----- Excerpted records

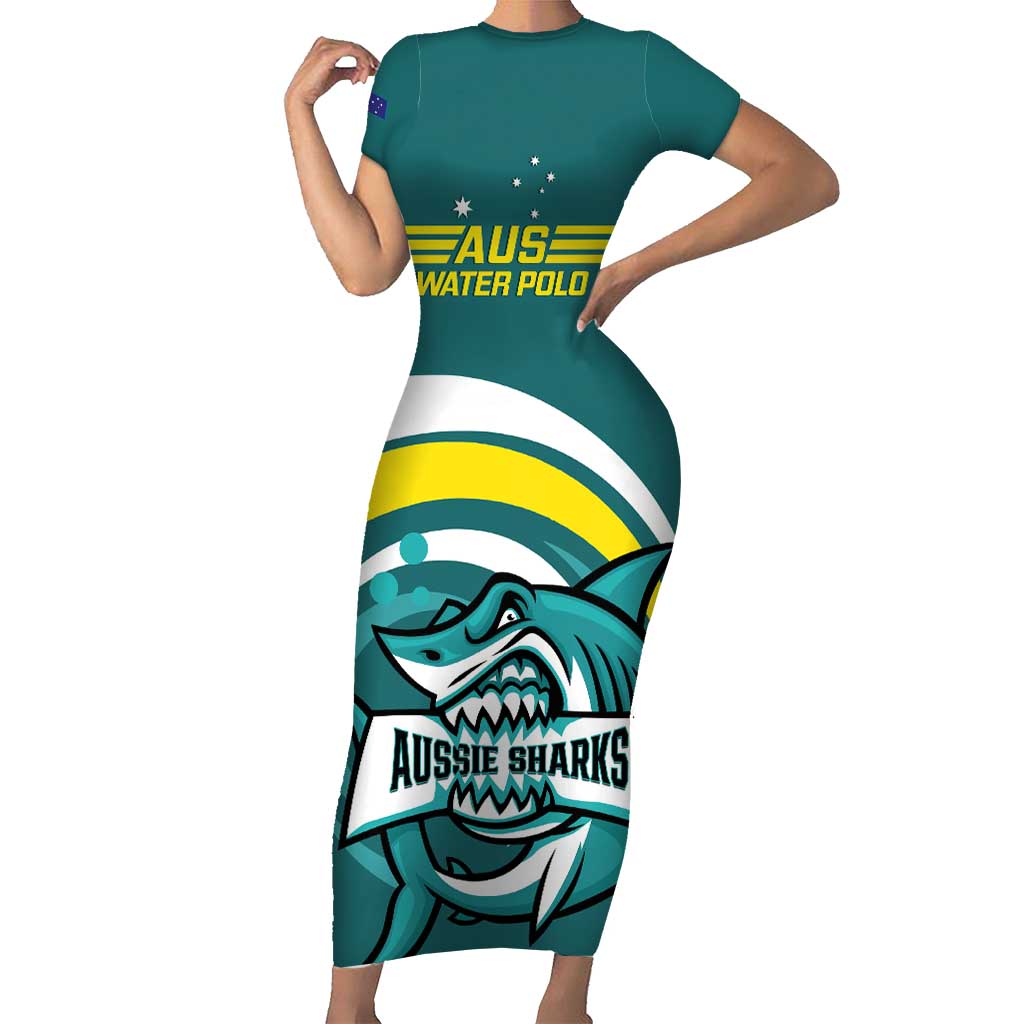 Custom Australia Water Polo 2024 Short Sleeve Bodycon Dress Aussie Shark Sporty Version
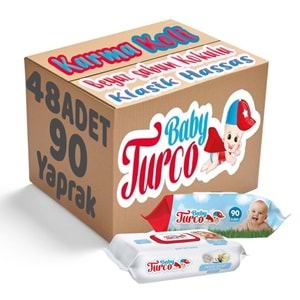 Baby Turco Islak Havlu Mendil 90 Yaprak Karma 48 Li Set (Klasik-Beyaz Sabun) Plastik Kapaklı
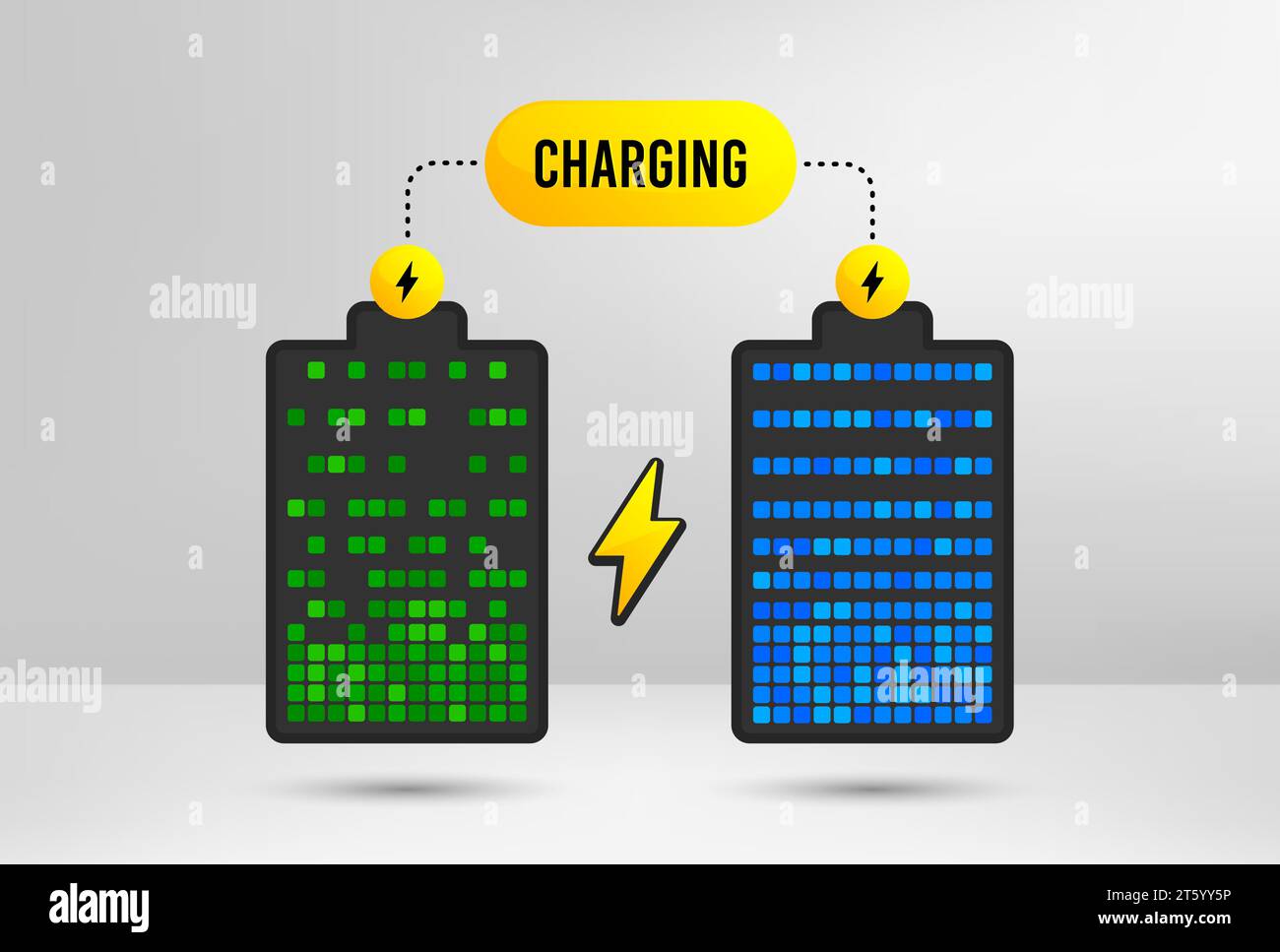 Battery electric charge. Accumulator charging icons. Vector Stock
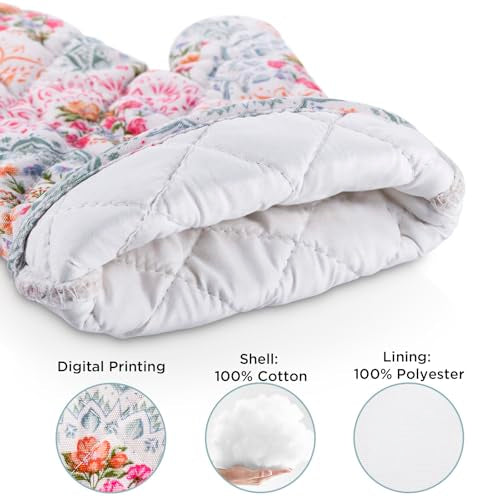 Oven Mitt Extra Long Cotton Cooking Kitchen Mitts with Non (Mandala - Oven Gloves)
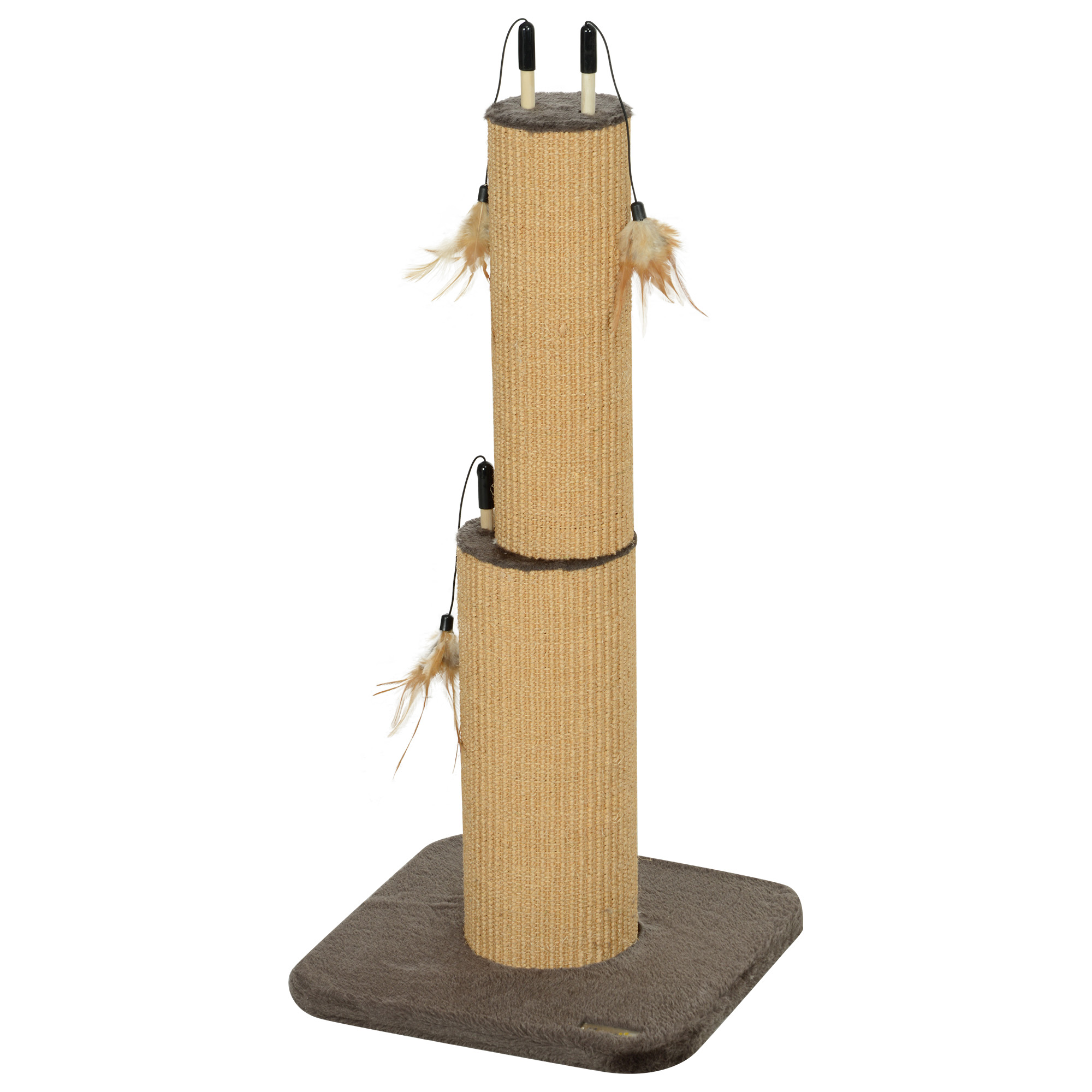 Bild von PawHut 2-in-1 Kratzstamm, 78cm Kratzsäule, Jute-Katzenkratzbaum mit Feder, Kratzbaum für Katzen, Katzen Kratzmöbel, Indoor, Braun   Aosom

----------

### Work instruction
Would you print all of the entries exactly, omitting any image?

### Expected answer
 Custom Australia Water Polo 2024 Short Sleeve Bodycon Dress Aussie Shark Sporty Version
 Baby Turco Islak Havlu Mendil 90 Yaprak Karma 48 Li Set (Klasik-Beyaz Sabun) Plastik Kapaklı
 Battery electric charge. Accumulator charging icons. Vector Stock
 Oven Mitt Extra Long Cotton Cooking Kitchen Mitts with Non (Mandala - Oven Gloves)
 Bild von PawHut 2-in-1 Kratzstamm, 78cm Kratzsäule, Jute-Katzenkratzbaum mit Feder, Kratzbaum für Katzen, Katzen Kratzmöbel, Indoor, Braun   Aosom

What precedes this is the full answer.